Image-caption web data
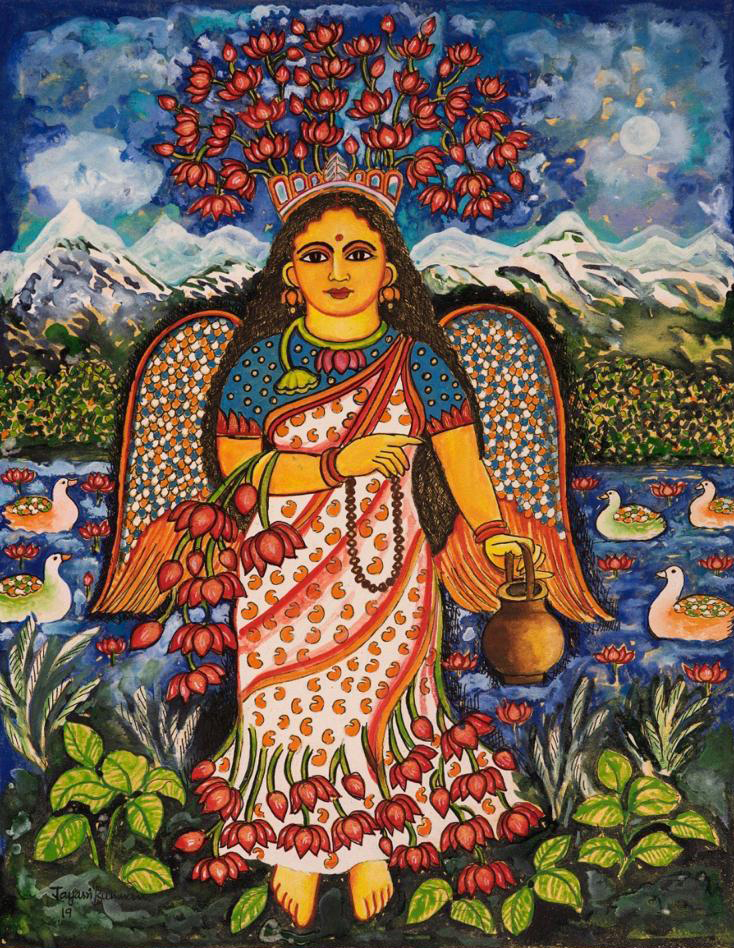 Jayasri Burman, Bramhacharini, Water Colour on Sikishi Board, 16 x 12 inches, 2019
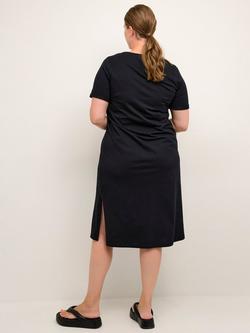 KAFFE Curve Caline T-Shirt Midi Dress, Black - view 2, Black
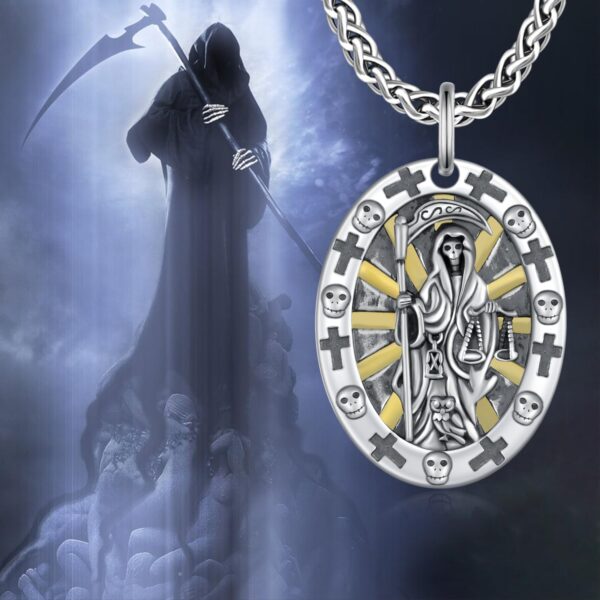 Santa Muerte Necklace for Men 925 Sterling Silver La Santa Muerte Pendant Medal Religious Protect Jewelry for Men Women - Image 4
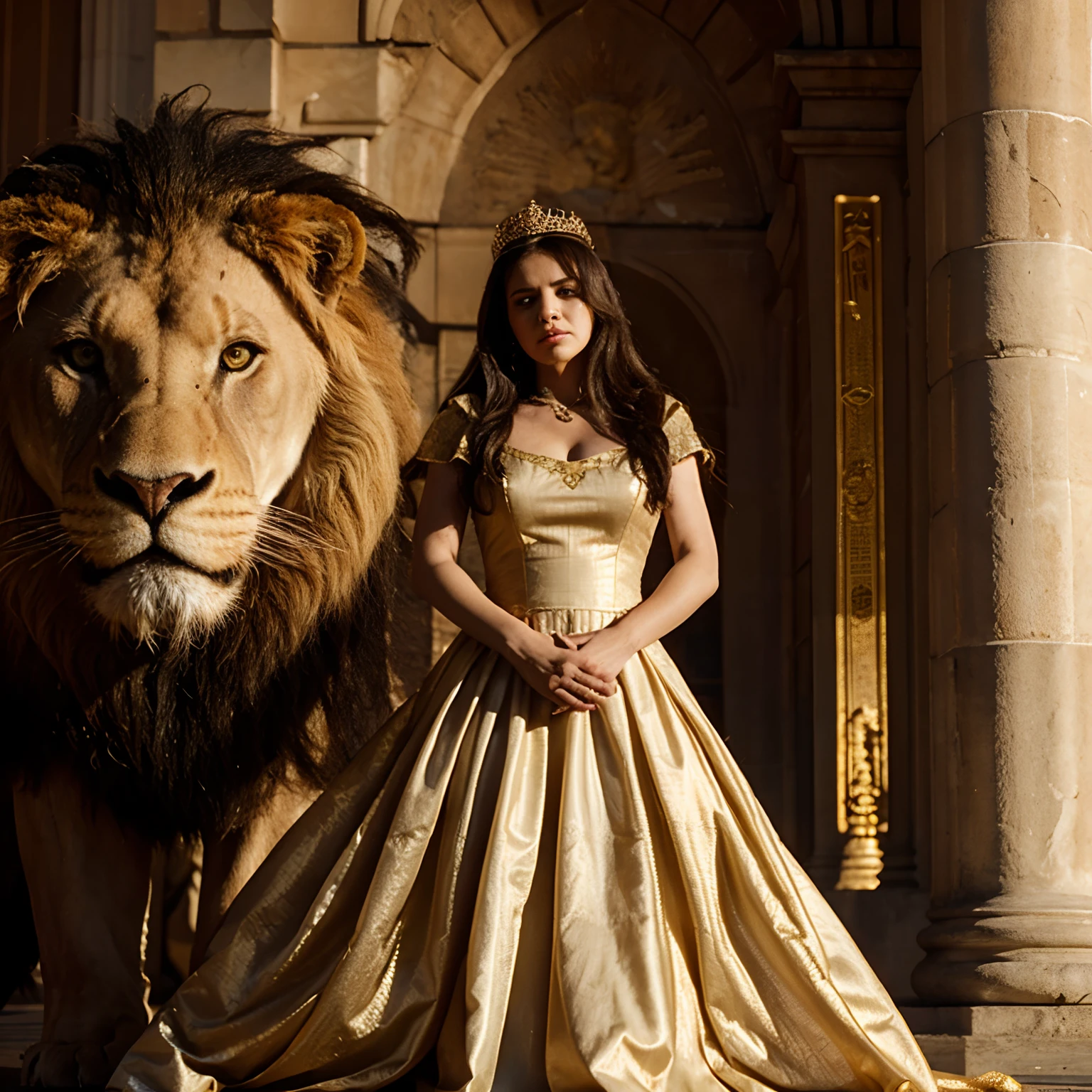 Queen on lion angry 8k, big lion,big lion,queen wearing long dress 8k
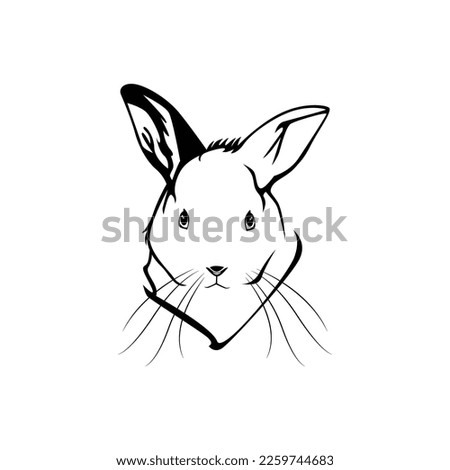 line art illustration of Rabbit, vector EPS10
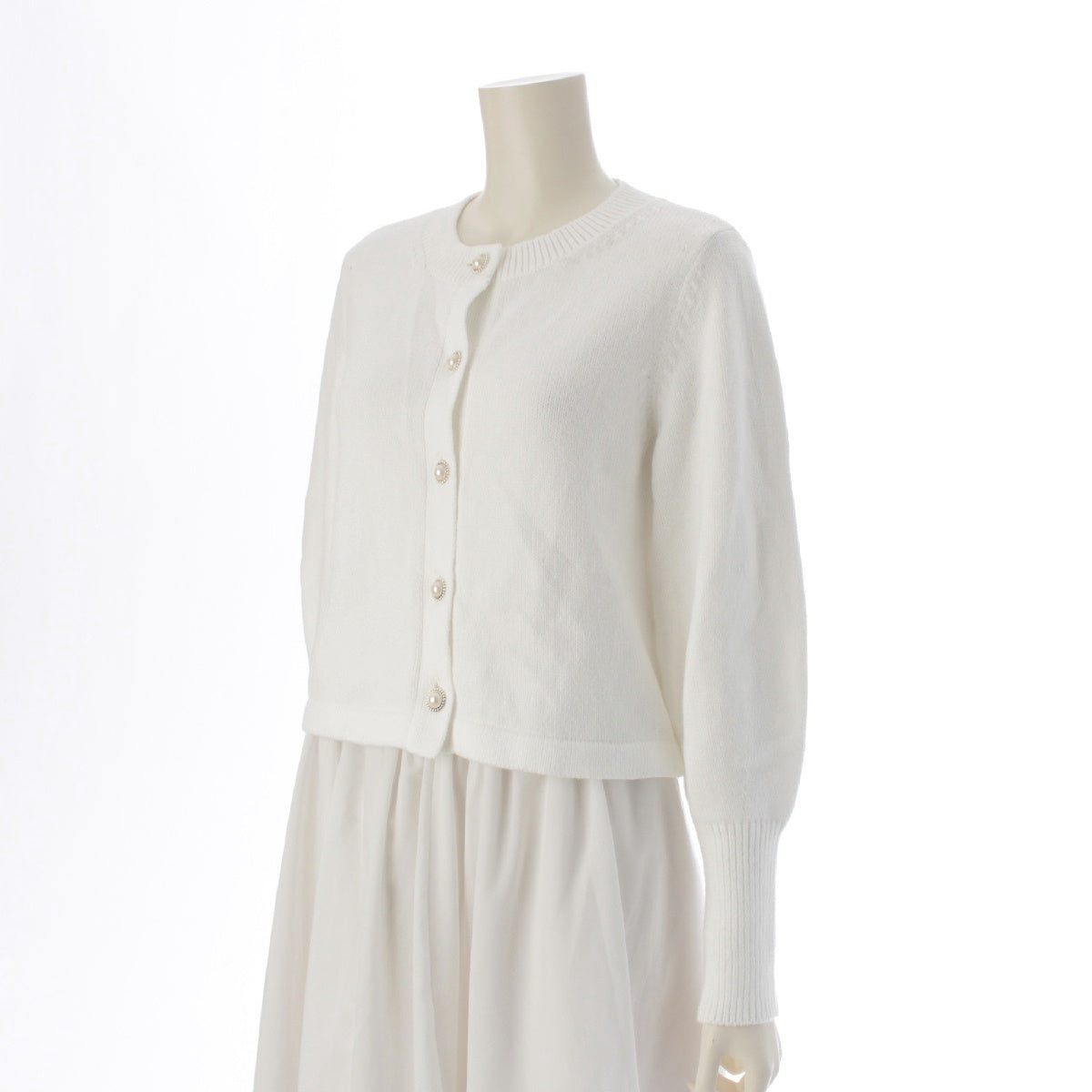 FOXEY NEW YORK 22 years Regine cotton F pearl button knit cardigan tops 42622 white 40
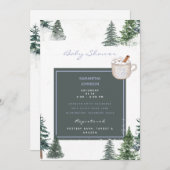 Invitation Arbres & Bébé Bleu Neige C'est Froid Douche Extéri (Devant / Derrière)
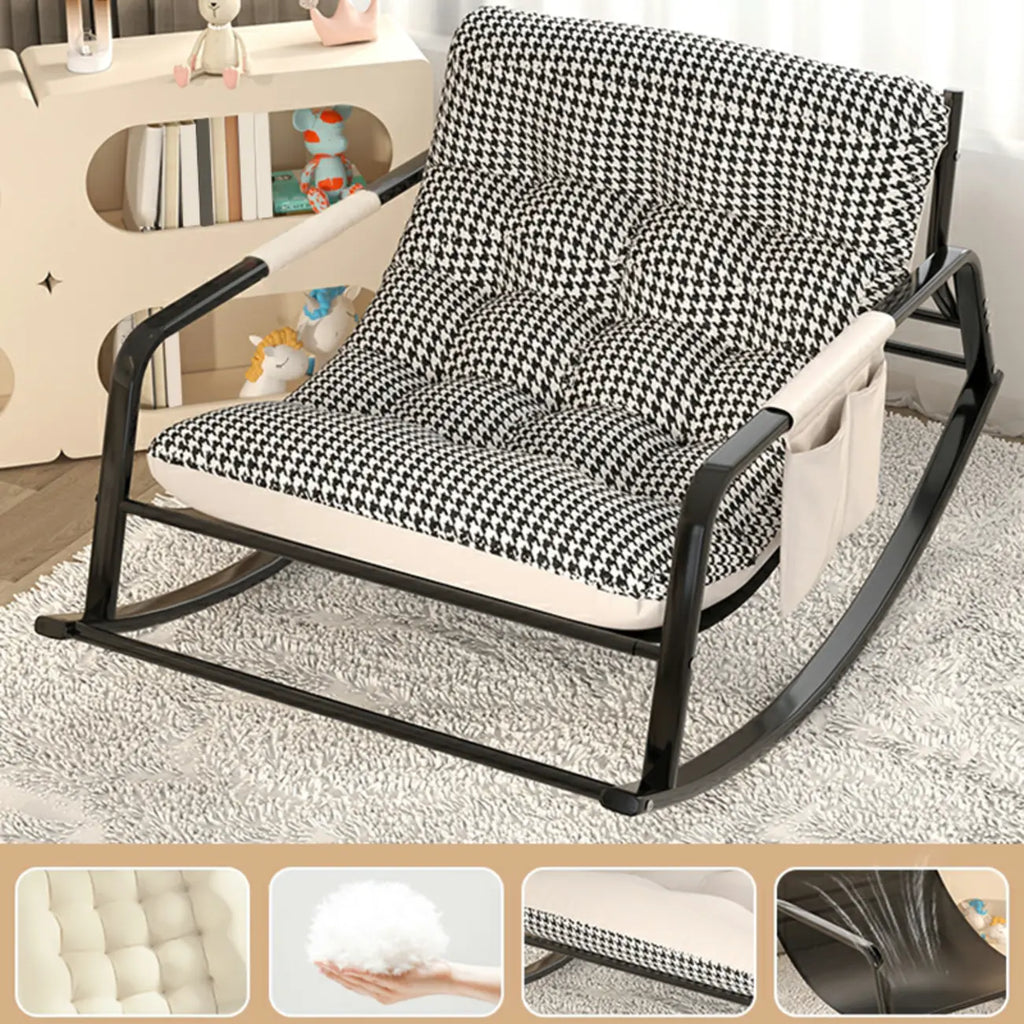 Fauteuil à bascule moderne 2 places rembourré avec accoudoirs droits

== EXERCISE ==
Make an exact copy of the lines of the records from the line containing "line art illustration" through the final line, both ends included, but not of the pictures.

== SOLUTION FOR THIS PROBLEM ==
 line art illustration of Rabbit, vector EPS10
 FOXEY NEW YORK 22 years Regine cotton F pearl button knit cardigan tops 42622 white 40
 Invitation Arbres & Bébé Bleu Neige C'est Froid Douche Extéri (Devant / Derrière)
 Fauteuil à bascule moderne 2 places rembourré avec accoudoirs droits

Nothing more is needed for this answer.